An affiliate marketing person has recently started sending my website strange traffic.
1) The visitor hits my site at the affiliate's special location, which performs a 302 redirect to the homepage of the site.
2) The visitor follows the redirect to the homepage of the site, where they are served another 302 redirect and then disappear.
Here is what the logs look like specifically:
www.example.com 74.197.XX.XXX - - [20/Aug/2009:16:15:28 -0400] "GET /go HTTP/1.1" 302 298 "-" "Mozilla/4.0 (compatible; MSIE 7.0; Windows NT 5.1; .NET CLR 1.1.4322; .NET CLR 2.0.50727; Zune 2.0)"
www.example.com 74.197.XX.XXX - - [20/Aug/2009:16:15:28 -0400] "GET / HTTP/1.1" 302 460 "-" "Mozilla/4.0 (compatible; MSIE 7.0; Windows NT 5.1; .NET CLR 1.1.4322; .NET CLR 2.0.50727; Zune 2.0)"
When I personally visit the first URL, I get redirected and then when I get the homepage, I get the regular HTML content and then download all the usual page assets ( js / css / images, etc ).
But these visitors, and there are hundreds of them all with varying ip addresses and user agents, etc, all follow this strange pattern of two 302 redirects and then poof.
Following the referer of some of the visits, the source of the traffic looks pretty bad. Your typical pop-under BS.
My primary concern is, what is happening to these 'visitors' with that second 302 redirect?
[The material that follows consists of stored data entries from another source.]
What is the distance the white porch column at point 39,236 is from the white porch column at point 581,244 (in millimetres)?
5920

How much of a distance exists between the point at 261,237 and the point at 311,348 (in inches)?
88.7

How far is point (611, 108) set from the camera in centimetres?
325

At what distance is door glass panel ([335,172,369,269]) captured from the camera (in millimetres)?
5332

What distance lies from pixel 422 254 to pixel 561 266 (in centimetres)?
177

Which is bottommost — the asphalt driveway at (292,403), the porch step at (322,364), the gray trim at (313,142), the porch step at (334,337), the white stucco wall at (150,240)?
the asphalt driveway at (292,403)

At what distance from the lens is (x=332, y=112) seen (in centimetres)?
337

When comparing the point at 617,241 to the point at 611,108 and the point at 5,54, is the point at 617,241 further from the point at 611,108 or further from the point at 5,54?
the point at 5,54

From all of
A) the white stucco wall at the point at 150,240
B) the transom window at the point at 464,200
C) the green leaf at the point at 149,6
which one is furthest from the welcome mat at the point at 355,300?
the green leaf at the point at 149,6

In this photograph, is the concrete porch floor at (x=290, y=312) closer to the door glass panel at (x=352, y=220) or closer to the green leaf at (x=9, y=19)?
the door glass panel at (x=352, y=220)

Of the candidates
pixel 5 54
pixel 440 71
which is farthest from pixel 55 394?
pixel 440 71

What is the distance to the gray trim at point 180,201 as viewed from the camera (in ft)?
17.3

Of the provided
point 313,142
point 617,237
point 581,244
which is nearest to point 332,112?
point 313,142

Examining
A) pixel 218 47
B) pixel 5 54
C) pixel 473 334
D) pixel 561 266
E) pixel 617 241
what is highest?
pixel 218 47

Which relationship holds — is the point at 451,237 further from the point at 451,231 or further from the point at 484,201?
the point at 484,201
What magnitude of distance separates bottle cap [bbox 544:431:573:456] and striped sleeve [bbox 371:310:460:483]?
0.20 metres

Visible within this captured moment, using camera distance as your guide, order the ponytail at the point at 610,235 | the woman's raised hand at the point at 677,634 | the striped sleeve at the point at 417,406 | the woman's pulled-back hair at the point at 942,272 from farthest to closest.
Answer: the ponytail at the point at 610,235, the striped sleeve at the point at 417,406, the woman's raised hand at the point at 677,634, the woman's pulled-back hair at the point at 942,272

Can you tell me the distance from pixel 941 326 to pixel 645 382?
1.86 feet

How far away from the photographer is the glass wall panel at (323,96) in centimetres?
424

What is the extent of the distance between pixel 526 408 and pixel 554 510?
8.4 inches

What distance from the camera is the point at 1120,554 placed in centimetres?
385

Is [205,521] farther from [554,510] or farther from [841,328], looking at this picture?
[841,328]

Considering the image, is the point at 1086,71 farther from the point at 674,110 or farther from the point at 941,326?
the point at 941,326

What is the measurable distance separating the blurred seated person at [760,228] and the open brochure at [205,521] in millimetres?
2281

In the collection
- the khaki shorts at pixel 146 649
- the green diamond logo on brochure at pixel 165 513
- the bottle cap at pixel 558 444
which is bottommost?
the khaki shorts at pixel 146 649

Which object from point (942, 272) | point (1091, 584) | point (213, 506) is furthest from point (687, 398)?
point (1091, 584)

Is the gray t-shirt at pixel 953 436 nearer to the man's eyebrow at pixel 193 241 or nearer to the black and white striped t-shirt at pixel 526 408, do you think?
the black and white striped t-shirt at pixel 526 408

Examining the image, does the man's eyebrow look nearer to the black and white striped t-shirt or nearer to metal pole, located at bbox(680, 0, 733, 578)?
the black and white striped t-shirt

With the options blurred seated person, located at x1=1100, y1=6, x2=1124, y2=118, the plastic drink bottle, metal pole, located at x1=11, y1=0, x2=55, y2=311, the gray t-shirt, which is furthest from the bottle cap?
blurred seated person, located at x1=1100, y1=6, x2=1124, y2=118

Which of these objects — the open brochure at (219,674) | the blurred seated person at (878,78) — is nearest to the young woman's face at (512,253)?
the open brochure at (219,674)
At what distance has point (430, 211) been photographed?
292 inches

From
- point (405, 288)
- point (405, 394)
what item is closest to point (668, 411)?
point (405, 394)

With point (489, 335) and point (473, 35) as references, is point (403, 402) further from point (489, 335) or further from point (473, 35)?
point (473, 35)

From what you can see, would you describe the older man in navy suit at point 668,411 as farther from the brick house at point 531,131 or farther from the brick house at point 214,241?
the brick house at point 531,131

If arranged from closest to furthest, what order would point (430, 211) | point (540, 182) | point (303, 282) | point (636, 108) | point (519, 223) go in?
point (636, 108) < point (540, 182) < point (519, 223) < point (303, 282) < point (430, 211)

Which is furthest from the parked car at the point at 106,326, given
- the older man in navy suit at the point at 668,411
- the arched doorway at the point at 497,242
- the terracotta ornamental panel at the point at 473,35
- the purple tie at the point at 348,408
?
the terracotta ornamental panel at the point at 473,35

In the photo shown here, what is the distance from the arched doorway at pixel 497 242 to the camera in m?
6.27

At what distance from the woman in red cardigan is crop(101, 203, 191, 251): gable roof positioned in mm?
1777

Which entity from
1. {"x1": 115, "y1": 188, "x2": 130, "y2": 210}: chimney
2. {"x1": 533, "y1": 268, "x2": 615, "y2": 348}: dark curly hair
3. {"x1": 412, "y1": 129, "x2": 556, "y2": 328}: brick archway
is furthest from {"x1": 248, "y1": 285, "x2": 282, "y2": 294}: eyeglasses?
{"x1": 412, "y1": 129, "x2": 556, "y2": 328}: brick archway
Why is my server doing a 302?
The only thing in the code that would result in a 302 redirect from the homepage would be if the visitor has cookies disabled. But in that case, I would see a whole series of requests before the browser timed out due to the 'this site is redirecting in a way that will never complete' issue. (Basically, if I don't see they have a site cookie, they get redirected to 'refresh' the session which then lets me see the cookie.)
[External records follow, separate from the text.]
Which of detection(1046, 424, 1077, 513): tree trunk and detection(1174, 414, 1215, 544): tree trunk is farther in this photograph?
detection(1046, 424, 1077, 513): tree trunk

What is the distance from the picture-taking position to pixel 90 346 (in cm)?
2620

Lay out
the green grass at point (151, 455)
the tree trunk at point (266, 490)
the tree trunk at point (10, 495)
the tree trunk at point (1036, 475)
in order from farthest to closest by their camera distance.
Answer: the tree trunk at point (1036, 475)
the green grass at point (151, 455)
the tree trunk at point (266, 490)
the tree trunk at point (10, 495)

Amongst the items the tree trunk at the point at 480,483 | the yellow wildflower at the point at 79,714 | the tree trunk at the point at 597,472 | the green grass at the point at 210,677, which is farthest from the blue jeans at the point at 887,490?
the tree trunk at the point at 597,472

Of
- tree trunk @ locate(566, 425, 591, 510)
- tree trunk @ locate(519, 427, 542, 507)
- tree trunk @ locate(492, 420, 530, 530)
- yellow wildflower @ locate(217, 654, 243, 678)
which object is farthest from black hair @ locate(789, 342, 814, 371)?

Regardless, it's unlikely that all 300+ visitors who came in like this would have cookies disabled.
Are there any outside influences that could cause my server to do a redirect? Is there anyway to configure apache logging to include the location that the 302 points to?
I don't have any conjectures why you're getting the second 302, but I can help you with the logging.
You can try a
%{Location}o
format string in a LogFormat to log the value of the Location response header.You might want to use "%>s" instead of "%s" to get the final status, or use both. If you can set a REDIRECT environment variable when you generate the 302 response, you can limit the entries in redirect log to only redirected responses by appending "env=REDIRECT" to the CustomLog directive.
Are any the redirected visitors using big name browsers?